The Reader by Bernhard Schlink was a difficult story to digest. The book starts out as a sort of The Graduate-esque coming-of-age love story and then morphs into a courtroom drama that challenges the most open of minds. There are bad crimes and then there are Really Bad Crimes, and I resented the author's plea to have me walk-a-mile-in-her-shoes before I judged Mrs. Schmitz's role in a crime that was truly monstrous. I didn't even like Mrs. Schmitz from the beginning so I wasn't all that invested in the outcome.

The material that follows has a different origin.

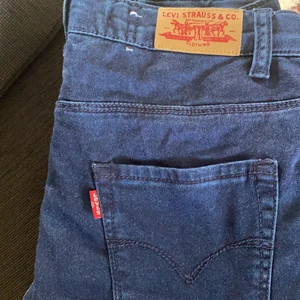 Levis jeans  - Säljer dessa oanvända Levis jeans i strl. 14 år, men upplever dessa aningen större än strl. 23 😊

Drinking: A Love Story by Caroline Knapp. This book was utterly annoying. I Usually like a good recovery story but this -true to its title- was more of a love story. After rehab and becoming sober, the author wrote an entire book recreating her life-long love affair with alcohol, almost as if it were a lover she was fondly remembering, nay, obsessing over after the end of an affair. Wonderfully reminiscent for her but booorring for everyone else; after a chapter or two I just felt exasperated. Enough already with the magnificent and glorious qualities of your lover! It was like hearing a teenage girl gushing about her first crush. Or grandma going on and on about her exceptional, beautiful, talented grandchildren, pulling out pictures and everything, for hours and hours. Or hearing about someone's fantastic and amazing pet and would you like Fido to demonstrate some tricks just so you can see how phenomenal he is.
See what I mean? Tiresome.
*geh* The whole book was like this until the very end when even the author finally had enough of herself and checked into a rehab facility. I would have been more interested in just how she overcame such an addiction than to hear, ad nauseam, about the addiction. Reader beware.